I have been using multi threaded MKL to do the inversion of 24576X24576 matrix which takes quite some time, say 72 GFLPOS on a 6 core machine.
With single GPU board (C2050) with the CULA package, I can invert 12288 X 122288 matrix at around 190 GFLOPS. (unpacked 24576X24576 matrix does not fit on GPU local memory)
The matrix I would like to invert is 24576 X 24576 and eventually, 98304 X 98304. Thus I was hoping to use both CPUs and multi GPUs
on a same machine. 3 GPU boards are easy. I think with PLASMA, it is possible and I was testing it.
> Then you can use single-threaded PLASMA and multithreaded MKL. In principle it should work. If it does not, I am not sure why.

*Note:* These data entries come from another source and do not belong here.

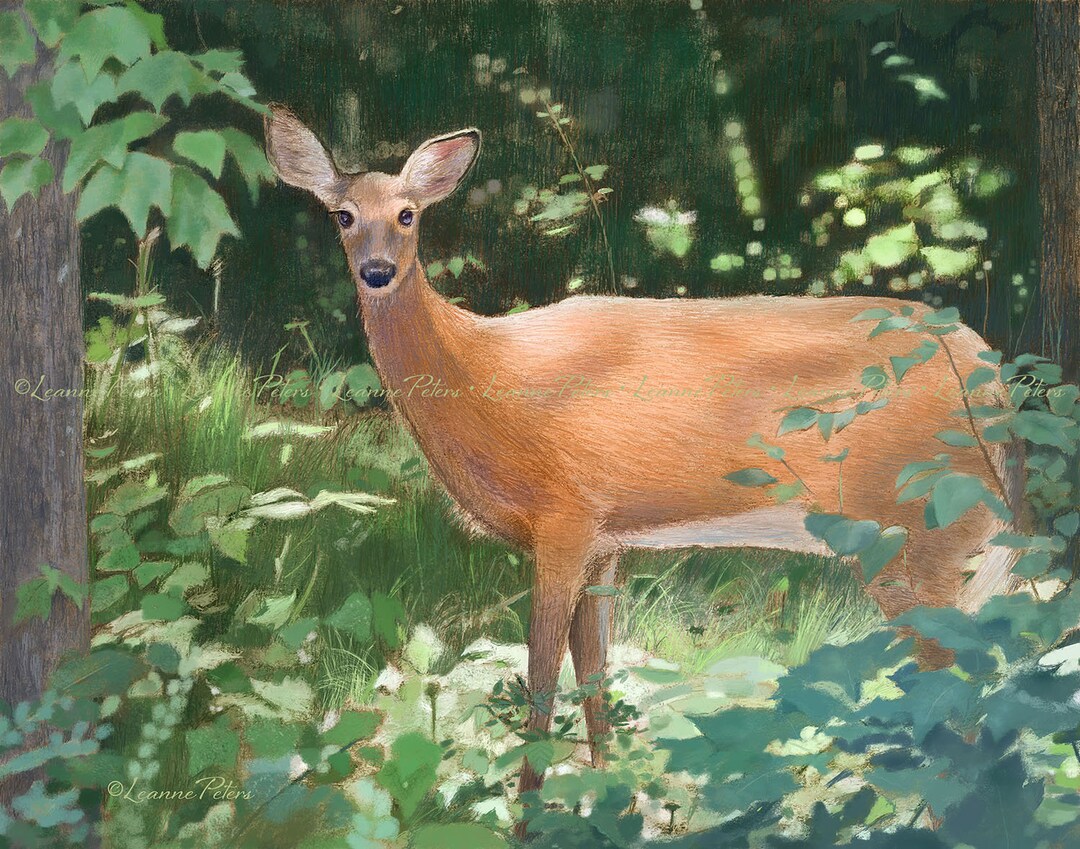 Deer Print, Doe Art, Summer Woodland Print - Etsy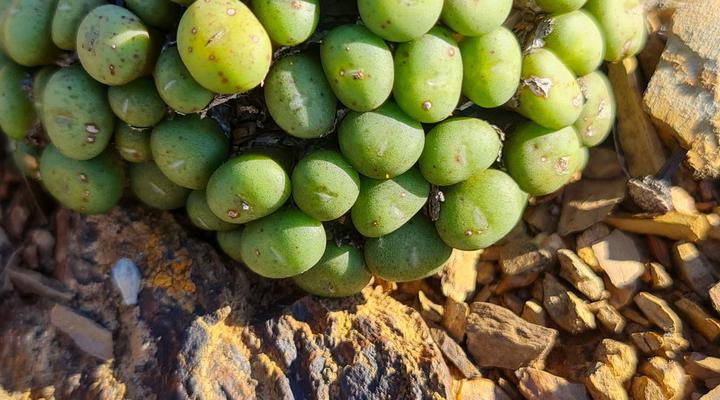 Lankverwacht Guestfarm and Camping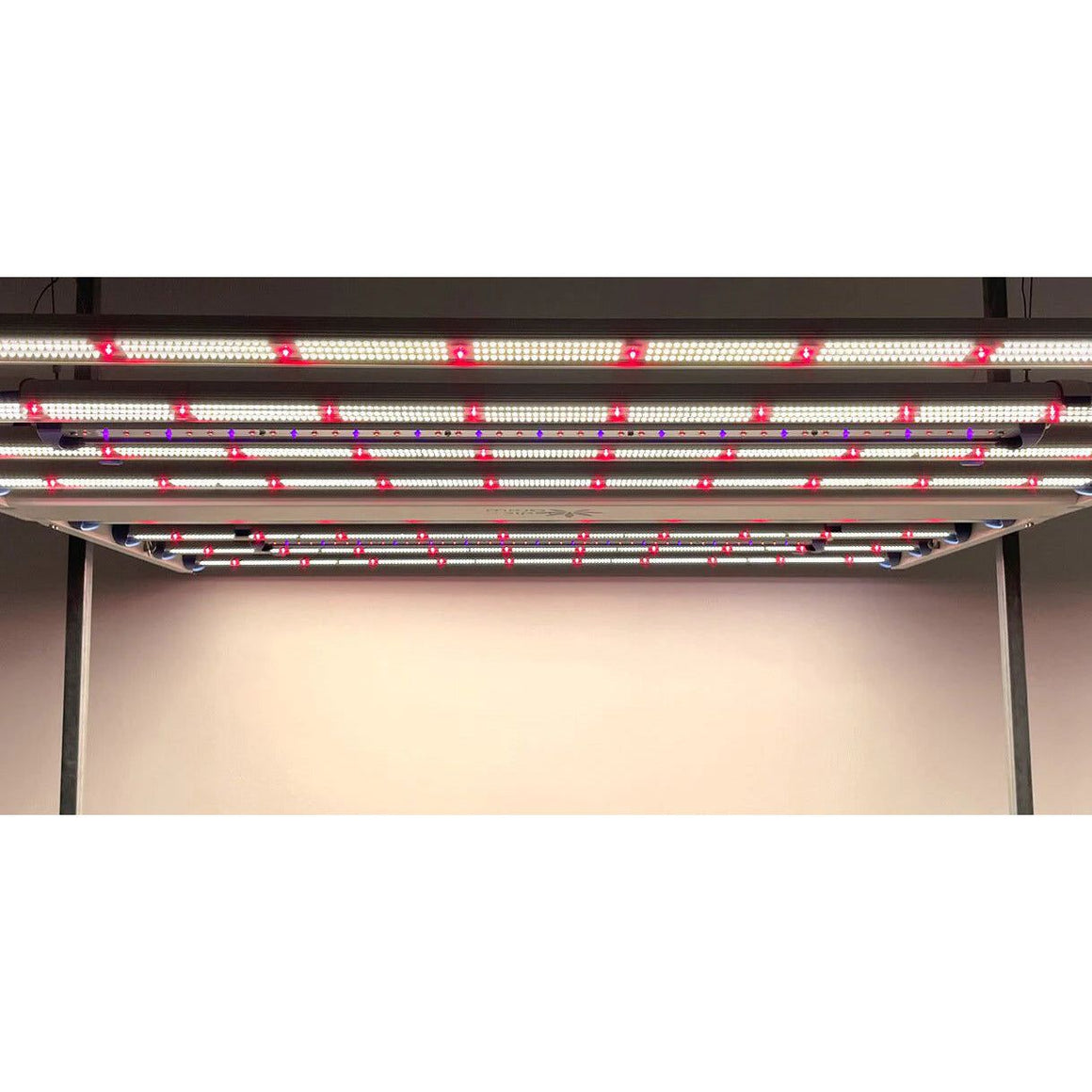 Medic Grow Medic Grow Spectrum X 880W LED Grow Light Set up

but I somehow can't make it work.
[katayama@btesla1 plasma]$ export OMP_NUM_THREADS=6
[katayama@btesla1 plasma]$ export MKL_NUM_THREADS=6
[katayama@btesla1 plasma]$ /usr/bin/nohup time ./plasma_dpotri --n_range=24576:24577:2 --
nb=6144 --threads=1 --dyn
only gets up to 100% with top. If I use --threads=6, as I said in the previous post, I get 600% during core_dpotrf but not after.
I would eventually like to control number of threads in plasma independently of OMP/MKL_NUM_THREADS as, using plasma threads,
I would like to call GPU gemm routines, for example while CPUs are doing, say, dtrtri.